Task directions:
Working through the data below, reproduce word for word the line with "Sztuczna choinka z" and every line after it, both ends included, and omit the pictures.

Scraped caption text data
-=-=-

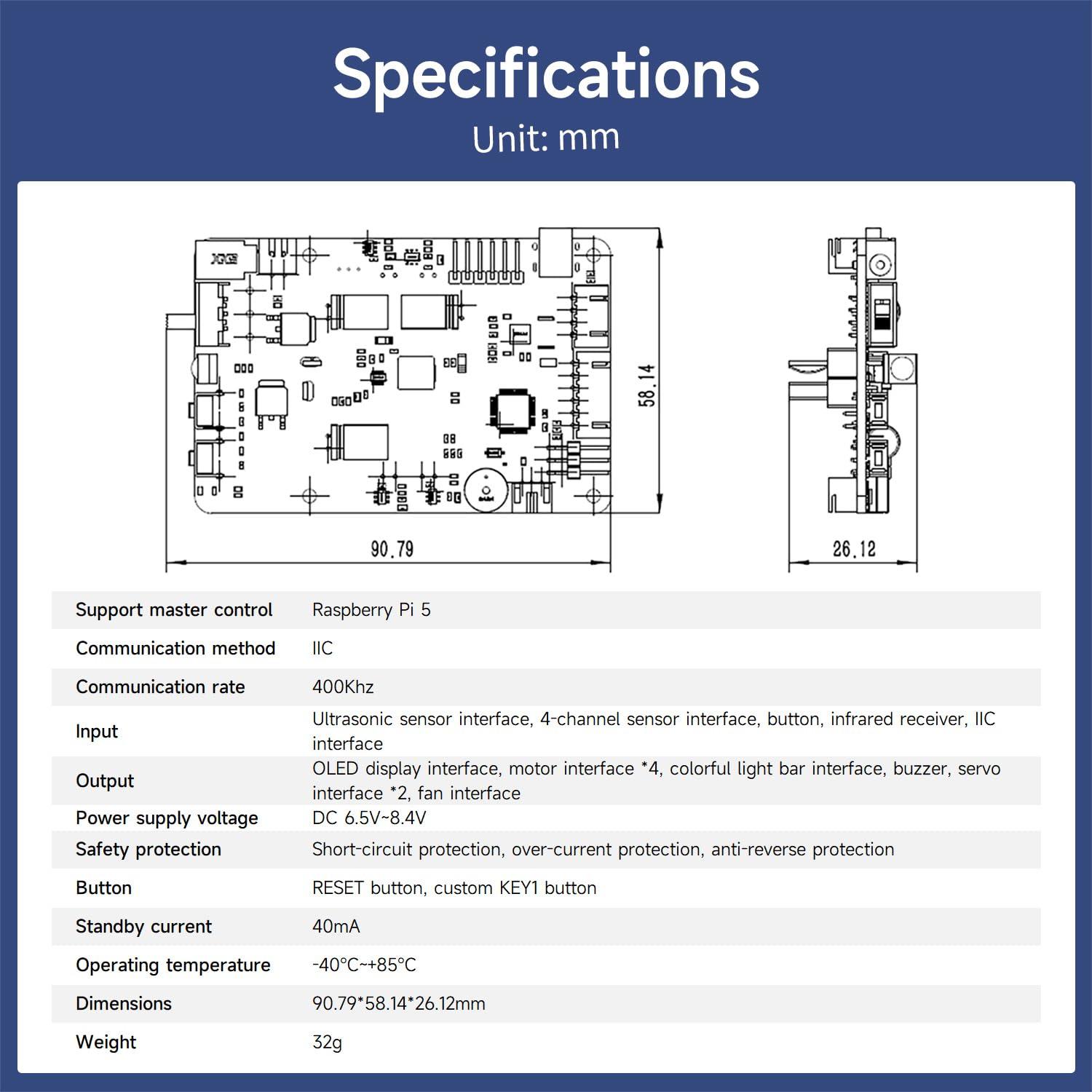 Yahboom Yahboom Raspberry Pi5 Robot Expansion Driver Board ROS Smart Car Supports 4WD Drive Servo Motor Sensor Compatible with RaspberryPi 5 PD Power Supply Protocol, I2C Communication
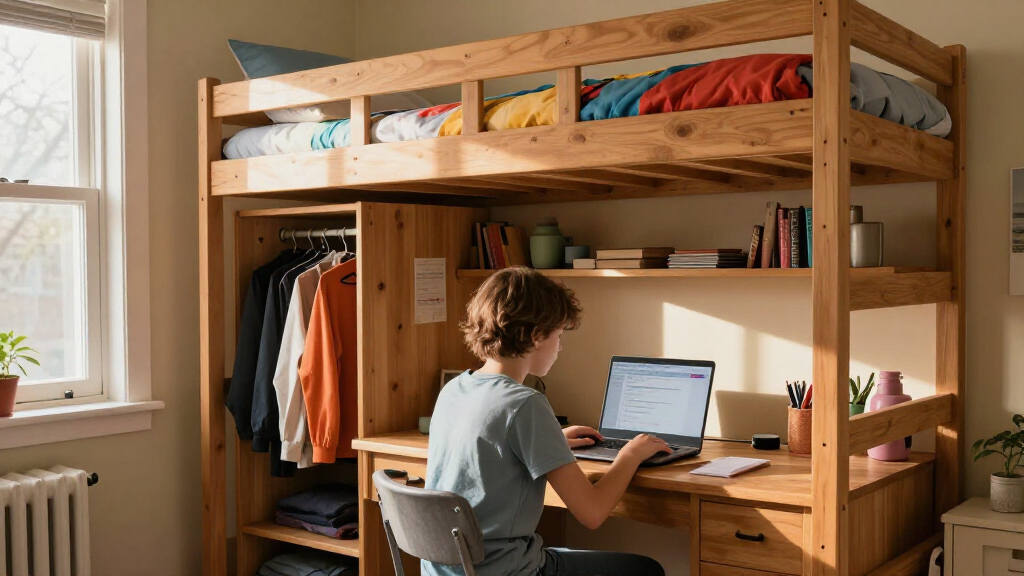 loft bed with wardrobe and desk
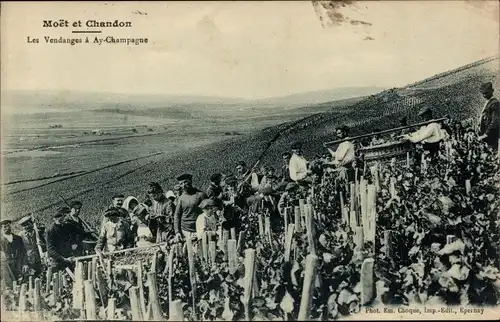 Ak Aÿ-Champagne Marne, Moet und Chandon, die Ernte, Reklame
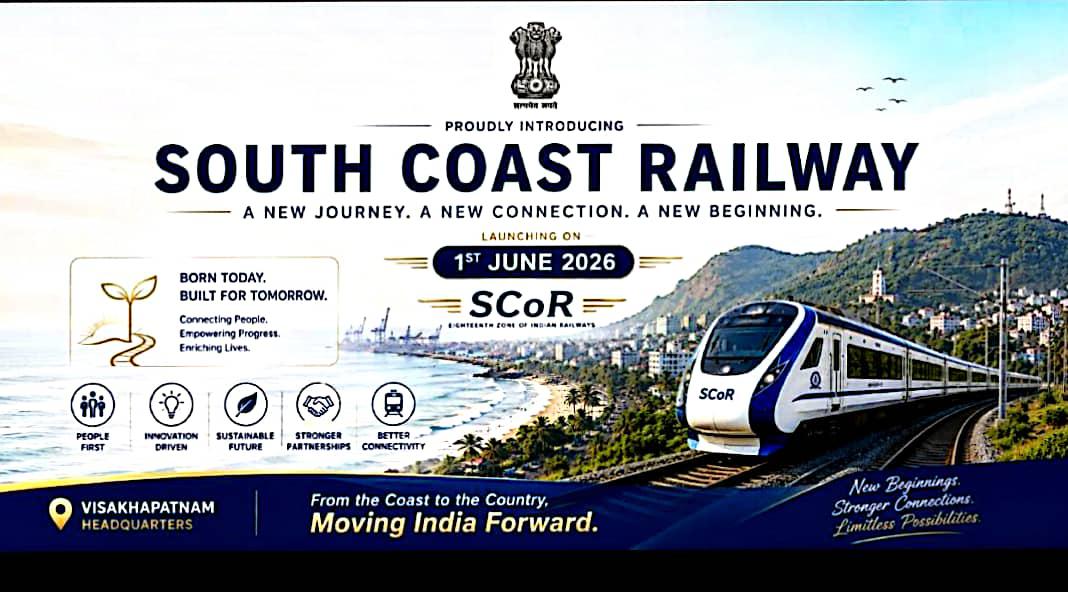 drmgnt's tweet photo. Connecting People, Places &amp; Progress! 🇮🇳

Celebrating the launch of the South Coast Railway Zone , Visakhapatnam. Together, Visakhapatnam, Vijayawada, Guntur &amp; Guntakal divisions are set to power prosperity with a sustainable, nation-first approach. 🚄💼

#SCoR #IndianRailways https://t.co/Odt9IWObr7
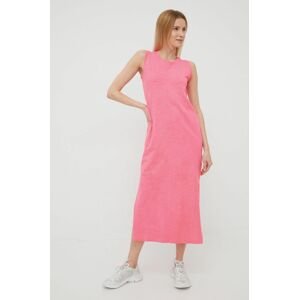 Bavlněné šaty 4F růžová barva, midi, oversize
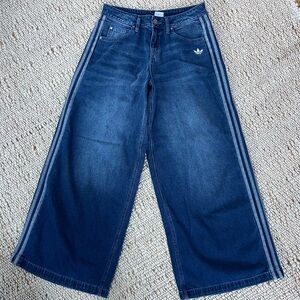 Adidas Women's Dark Blue Flare Jeans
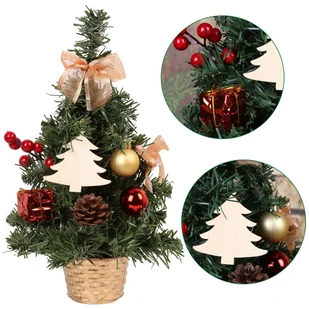 Sztuczna choinka z czerwono-złotymi ozdobami w doniczce 30cm - Choinki - miniaturka - grafika 1
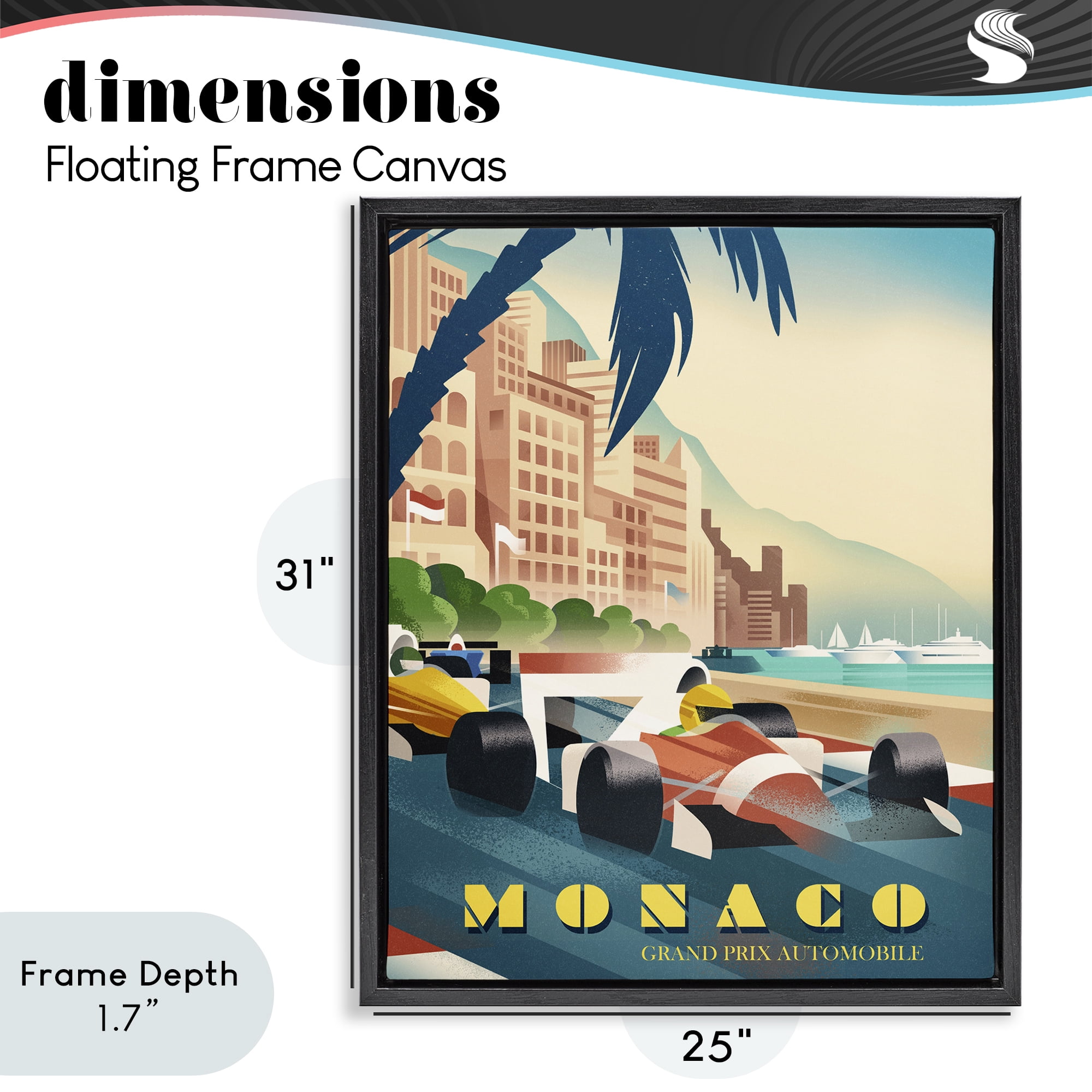 Stupell Industries Monaco Grand Prix Racing Black Framed Floater Canvas Wall Art, design by Martin Wickstrom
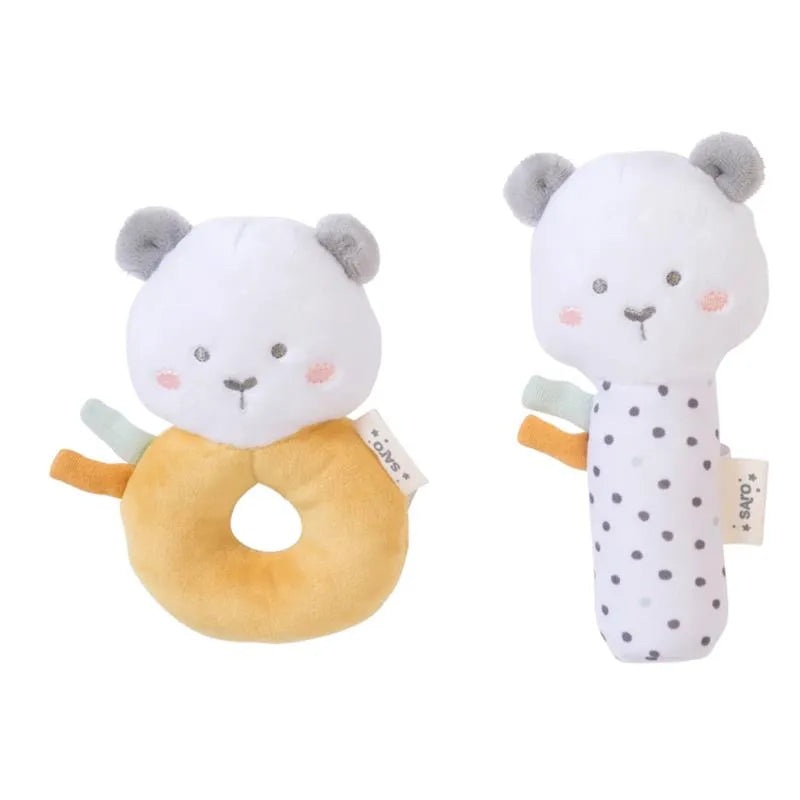 Kalencom – Sweet & Fun Rattle Ring + Squeaker, Mustard (Set Of 2)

-=-=-

Output for this task:
 Sztuczna choinka z czerwono-złotymi ozdobami w doniczce 30cm - Choinki - miniaturka - grafika 1
 Stupell Industries Monaco Grand Prix Racing Black Framed Floater Canvas Wall Art, design by Martin Wickstrom
 Kalencom – Sweet & Fun Rattle Ring + Squeaker, Mustard (Set Of 2)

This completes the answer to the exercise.